Solicitor caught offering to arrange sham marriage is struck off

Solicitor caught in undercover TV sting offering to arrange sham marriage for £13,000 so client could flout immigration rules and stay in the UK is struck off

  • Zulfiqar Ali told a reporter posing as an immigrant he could arrange a marriage
  • He said he would have to pay £13,000 to pay off the bride and stay in the UK
  • He said a fake marriage was a ‘quick and easy way’ of remaining in the country 
  • A tribunal banned him from working again and ordered him to pay £26,500 costs

A solicitor caught in an undercover TV sting offering to arrange a sham marriage so a prospective client could flout immigration rules has been struck off.

Zulfiqar Ali told a reporter posing as a Pakistani immigrant that he would have to fork out up to £13,000 to pay off his new bride and stay in the UK.

He declared a fake marriage was a ‘quick and easy way’ of remaining in the country and even revealed he could help trick Home Office workers into thinking the marriage was real.

Mr Ali – who is on benefits after his law firm was forced to shut – has now been struck off following a hearing by the Solicitors Disciplinary Tribunal.

He was snared by an undercover reporter working for an ITV documentary who visited his London-based company ZA Solicitors Ltd complaining that his student visa was due to expire in six months.

Zulfiqar Ali (pictured in the undercover filming) has been struck off after he told a reporter posing as a Pakistani immigrant that he could arrange a sham marriage to flout immigration laws

The reporter said his parents wanted him to stay in the UK after a year and half in the country but he didn’t ‘really have any options’ and thought it would be difficult renewing the student visa.

After hearing the bogus client didn’t have a girlfriend, Mr Ali said his ‘options’ were to get a degree or claim asylum before ‘moving straight onto’ talking about a sham marriage.

In a recording, Mr Ali said: ‘Whichever visa in your situation, the most reasonable way would be for to get married in a proper way.

‘There will be no hassle, No doubt, you can find a girl – whether the girl wants to go to Pakistan or not.

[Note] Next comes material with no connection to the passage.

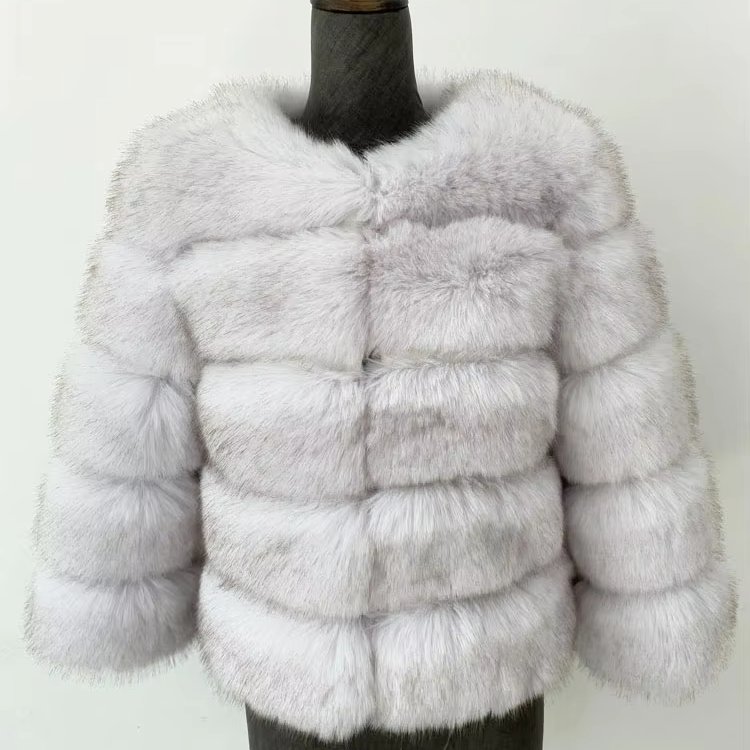 Elegant Faux Fur Mink Coat – Fluffy Black Jacket, Warm & Stylish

That is a relatively, a quick and easy way.’

He was also heard saying: ‘I will tell you legal way in which you will seriously keep the marriage.’

The ‘dishonest’ solicitor boasted he knew questions the Home Office would ask and said he was one of ‘five or six’ solicitors who could help with fixing a fake marriage.

Mr Ali said: ‘You will be helped in your documentations, application forms and in interview if you need to be interviewed. We will arrange all these documents. We will help you with everything.

‘They will ask you that when you go to job, when you go to sleep and when you get up. So, they will ask you about all these.’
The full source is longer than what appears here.